About 50 lakh kg is available at the outskirts of the NCR, and 1 lakh kg in Delhi, said sources.

The traders have already sold huge amount of stocks, which means people have already bought firecrackers.  Secondly, an illegal massive fresh stock is already inside Delhi NCR.

At the same time, the Confederation of All India Traders (CAIT) is demanding a compensation for the loss of stocks worth Rs. 500 crore. The traders are arguing that it was an error on the part of the administration and the court.

The indecisiveness and ambiguity of the court is costing the firecracker traders. One court imposed a ban on firecrackers in November 2016 following the Diwali disaster. Then, in September 2017, the court stayed the ban. The rejoiced dealers obtained licenses and stocked up their shops and godowns. Just 10 days ahead of Diwali, the Supreme Court again changes its mind and extends the ban upto November 1, 2017.
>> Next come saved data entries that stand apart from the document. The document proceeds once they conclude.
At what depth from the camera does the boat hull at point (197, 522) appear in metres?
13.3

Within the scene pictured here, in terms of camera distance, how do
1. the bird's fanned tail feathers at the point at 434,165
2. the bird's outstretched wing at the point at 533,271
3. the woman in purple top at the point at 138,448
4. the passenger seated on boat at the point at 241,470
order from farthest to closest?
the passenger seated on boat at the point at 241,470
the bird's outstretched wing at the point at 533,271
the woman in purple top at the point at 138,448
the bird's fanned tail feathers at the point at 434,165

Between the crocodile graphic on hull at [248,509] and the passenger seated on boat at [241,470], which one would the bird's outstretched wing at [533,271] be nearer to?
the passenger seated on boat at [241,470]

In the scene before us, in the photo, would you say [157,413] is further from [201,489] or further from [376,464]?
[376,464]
What do the traders are supposed to do with the stock they have already bought? The disgruntlement among traders is logical.

At the same time, some leaders of Bhartiya Janata Party and popular personalities like Chetan Bhagat have openly come out to oppose the orders of the Supreme Court regarding upholding the temporary ban imposed on the sale of the crackers.

However, they are not opposing the order for the traders are in distress. The party has its own agenda.

We are quite confused because theoretically, BJP has been promoting Swaccha Bharat campaign quite vigorously.

Is Swaccha Bharat limited to only solid waste disposal and littering? Isn’t the air pollution associated with climate change or public health?

While it is certain that the sulphur dioxide does not discriminate between Hindu, Muslim or Christian lungs, the BJP leaders think that the court is taking anti-Hindu decisions and snatching the rights of 85 percent Hindu population to celebrate Diwali.

Does the ruling party lacks even common sense?

As a protest, Tajinder Bagga, BJP Spokesperson, Delhi unit, has announced that he will distribute firecrackers worth lakhs to children living in the slums. He justified that the court has banned the sale and not bursting crackers. In fact, he has received donations for this purpose despite court orders.

A BJP leader in Madhya Pradesh invited people to come to his state and celebrate Diwali with firecrackers, without worrying about any sort of restriction.

Officially, the party has not uttered a word against the SC order, but several leaders have made the collective opinion of the Hindutva camp clear. It never occurred to this camp that the right to life is more important than our right to religion.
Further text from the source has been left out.